Exercise prompt: Starting with the line that contains "Philips Rádio Portátil TAR 1509/00" and stopping after the line that contains "Mew 8 Wotc Promo Regular - Image 8", return each line below exactly as written, with no others.

Recorded information:
*** Begin section ***
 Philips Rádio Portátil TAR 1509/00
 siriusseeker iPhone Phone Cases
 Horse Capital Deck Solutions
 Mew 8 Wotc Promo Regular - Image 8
*** End section ***
*** Begin section ***
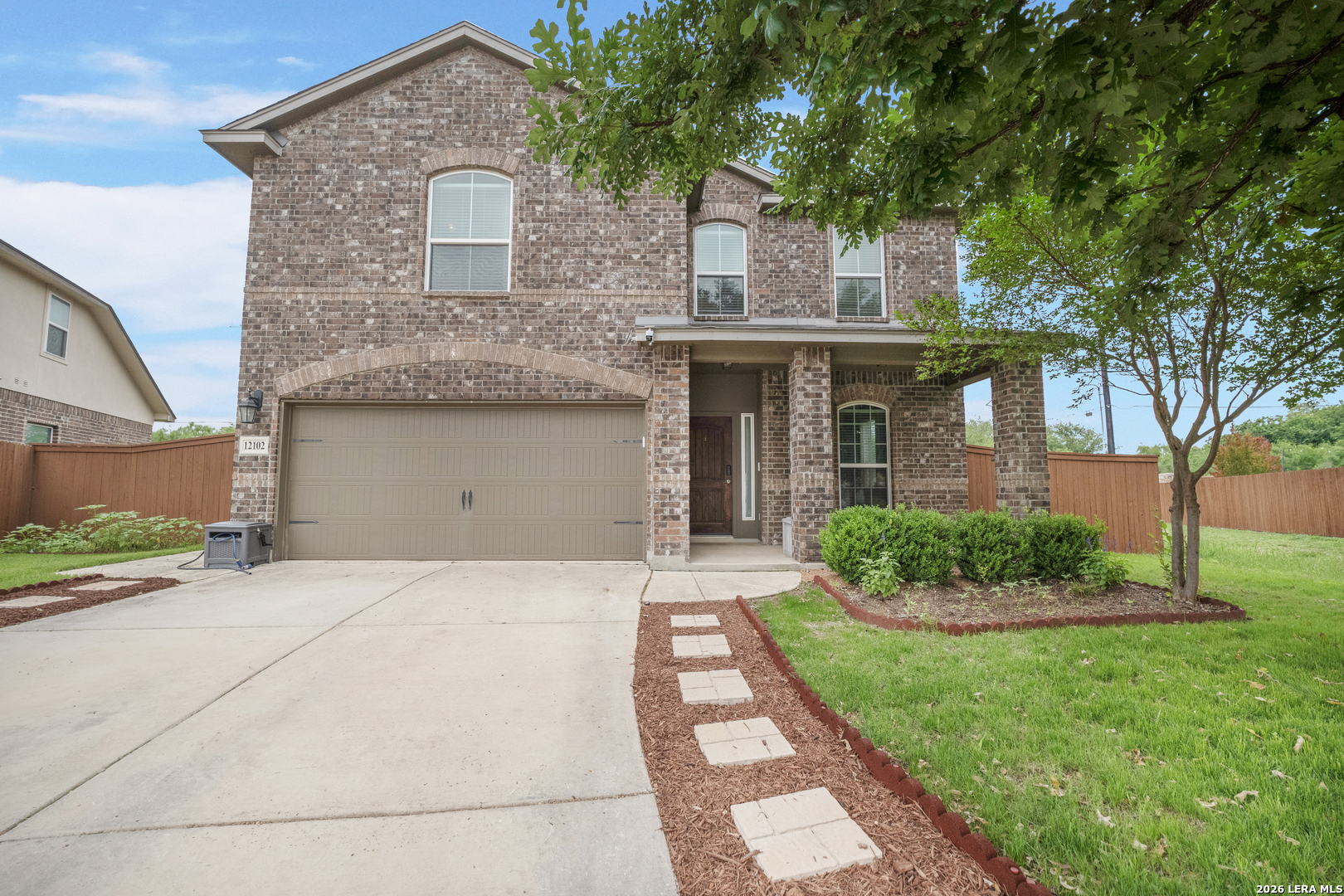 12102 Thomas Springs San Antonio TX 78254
*** End section ***
Written solution:
 Philips Rádio Portátil TAR 1509/00
 siriusseeker iPhone Phone Cases
 Horse Capital Deck Solutions
 Mew 8 Wotc Promo Regular - Image 8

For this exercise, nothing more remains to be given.